▶ [The task]: Only the lines from the one containing "小米（MI）Xiaomi Sound 2" to the end of the records belong in the answer; repeat them exactly and drop the pictures.

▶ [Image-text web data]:
▶

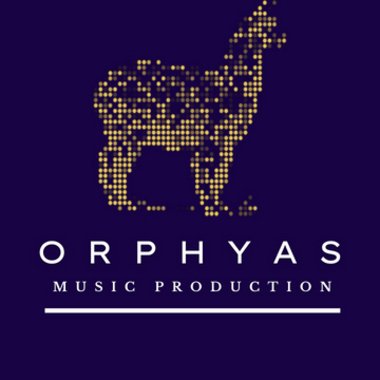 Brian M. - Freelance Orchestrator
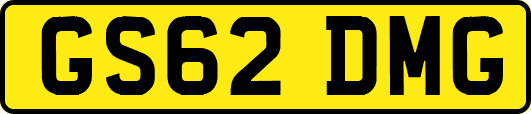 GS62DMG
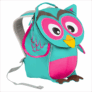 Affenzahn Kleines Rucksäckchen Eluise Eule für nur 22,29 Euro (statt 34,- Euro)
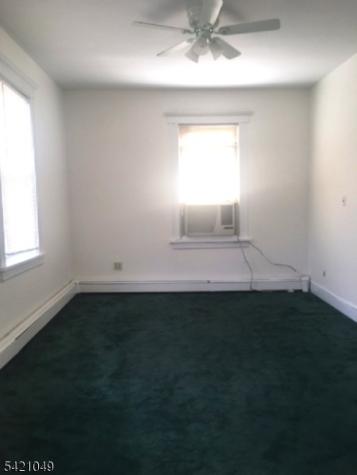 512 Mc Bride Avenue Woodland Park NJ 07424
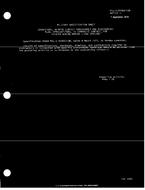 MIL MIL-C-55302/12B Notice 1 – Cancellation MIL MIL-C-55302/12B Notice 1 - Cancellation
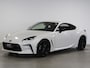 Toyota GR86 2.4 Premium AUTOMAAT | BTW | Apple Carplay/Android Auto | Stoelverwarming | Camera | Sensoren achter | Keyless entry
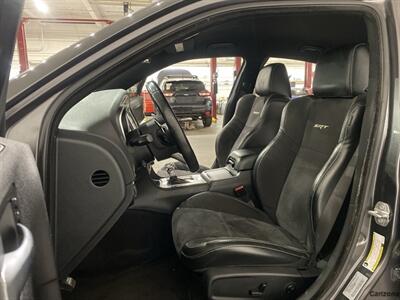 2016 Dodge Charger SRT 392   - Photo 9 - Mesa, AZ 85201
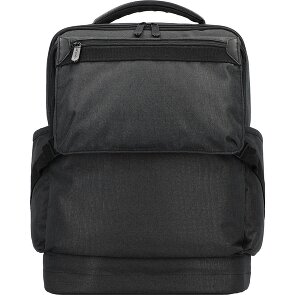 Dermata Daypack 43 cm Laptopfach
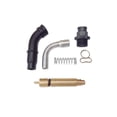 thumbnail image 1 of suitable for Honda TRX300 1994-2000 Motorcycle Carburetor Repair Kit Engine Parts Rebuild Replacement Kit, 1 of 5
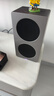 小米（MI）Xiaomi Sound 2 Pro智能电脑音箱 超级小爱AI大模型音响 两分频声学配置蓝牙音箱音响 Xiaomi Sound 2 Pro双支装 实拍图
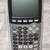 TI-84  PLUS SE Graphing Calculator For Parts 1 thumbnail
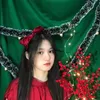 Kim Nam Lộc - @brettmeyer130 - TikTok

◀

▶ [Output of the task]:
 小米（MI）Xiaomi Sound 2 Pro智能电脑音箱 超级小爱AI大模型音响 两分频声学配置蓝牙音箱音响 Xiaomi Sound 2 Pro双支装 实拍图
 TI-84  PLUS SE Graphing Calculator For Parts 1 thumbnail
 Kim Nam Lộc - @brettmeyer130 - TikTok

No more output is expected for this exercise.